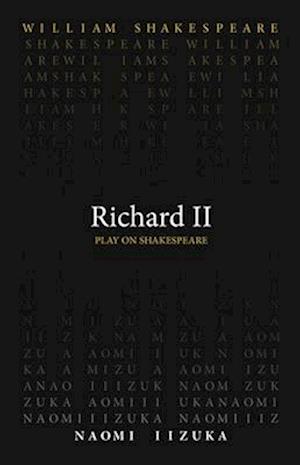 Richard II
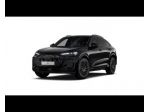 AUDI QUATTRO Audi Q5 Sportback S line edition TDI  150 kW S tro rif. 24058113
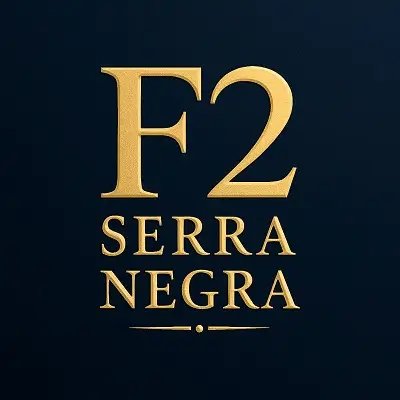 F2 Serra Negra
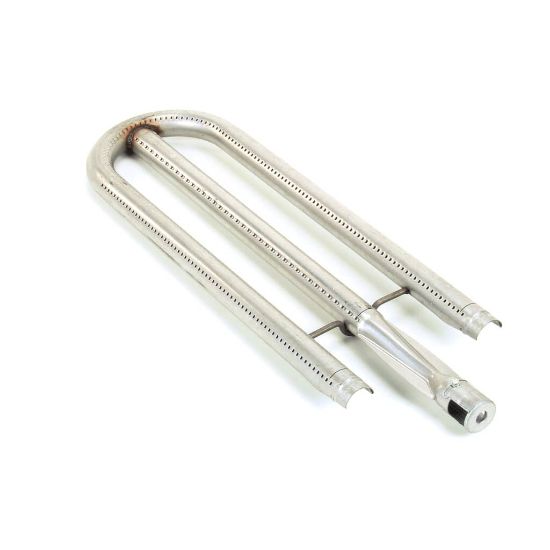 Picture of Southbend Range 1172185 Burner,charbroiler,u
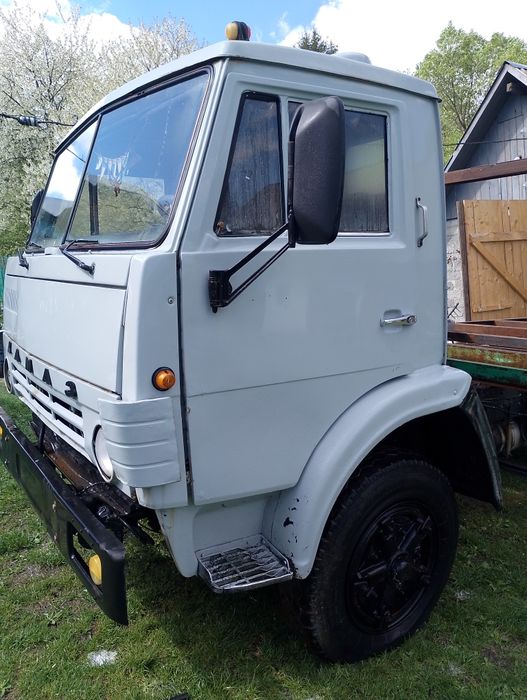 Продам Автомобіль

______________________________

▶ [Work order] Starting at the line that contains "F2 Serra Negra", please write out each line through the last line of the data, both ends included, and keep pictures out of the copy.

▶ [Task response]
 F2 Serra Negra
 Picture of Southbend Range 1172185 Burner,charbroiler,u
 Продам Автомобіль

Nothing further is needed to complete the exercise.